Kitap yazıldığında Mercouri, acılarını yaşaya yaşaya geride bırakmış ve Yunanistan’ın kültür bakanı olmuştu. Aynı tarihlerde ise Albay Papadopulos, ömür boyu hapis cezasının ilk 14 yılını yatmıştı.

Kaderin döngüsü gibi görünse de, doğrunun biricikliği ile ilgiliydi aslında yaşananlar. Biri ülkesi için mücadele etmiş, bir diğeri bu mücadelede cunta zihniyetli bir felsefe ile diktatörlük yaratmıştı.
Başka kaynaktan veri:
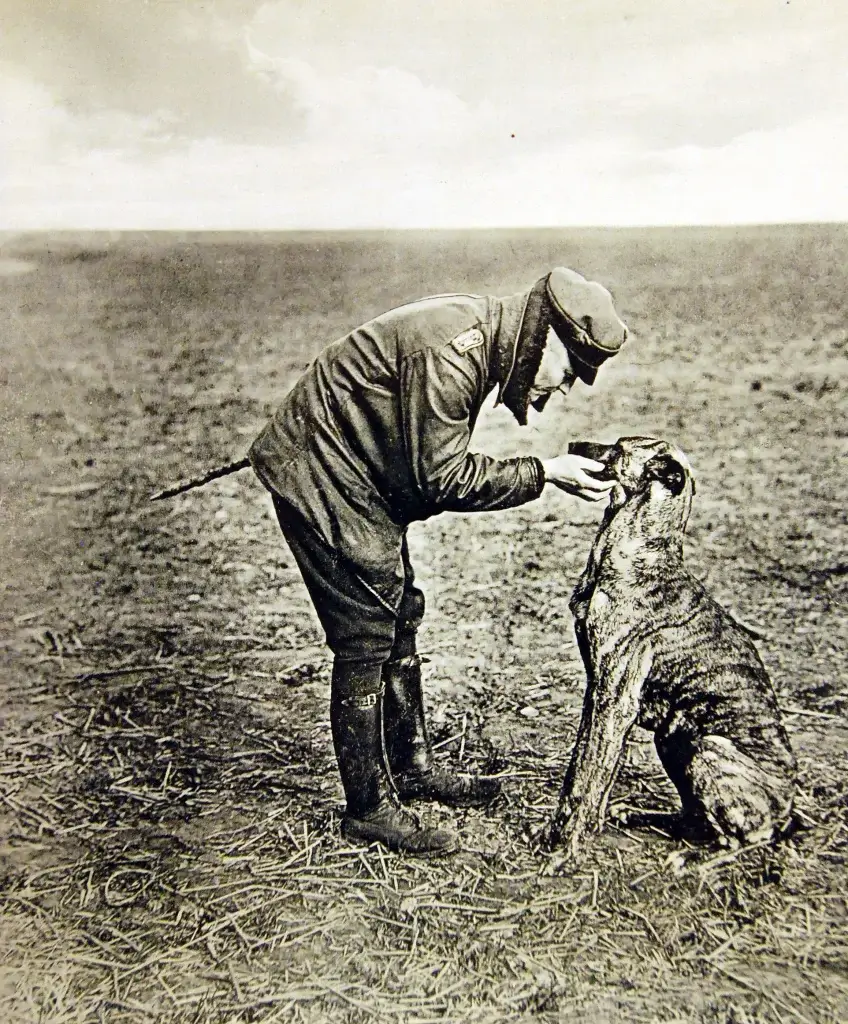 an old photo of a man with a dog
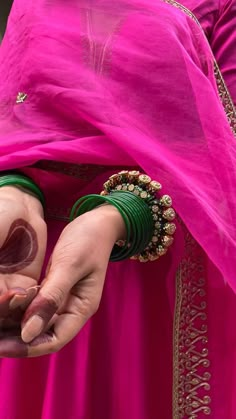 a woman in a pink dress holding out her hand to show the ring on her finger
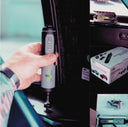 TopLift Pros Turn Pro cordless driver with bits and station for hardtop bolts, rechargeable power tool in use.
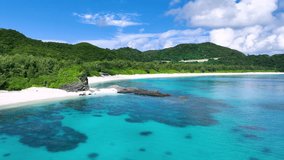 Aerial Furuzamami Beach on Zamami island, Kerama the closest island chain to Naha in Okinawa, Pacific ocean, Japan. Tourism and marine national parks. Pristine reefs. INTERPRET footage for SMOOTH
Hakkında; sanatı, sinema oyunculuğu, bakanlığı ve mücadelesi için yazılacak daha çok şey var Mercouri’nin. Okunacak da çok şey var.

↔↔↔

Kitabın ilginç tesadüfü ise bir kütüphanede bulduğumda bir ailenin o kütüphaneye armağan ettiği bir kitap olmasıydı. İlginç olan ise, armağan eden ailenin de faili meçhul bir kayıpları olması.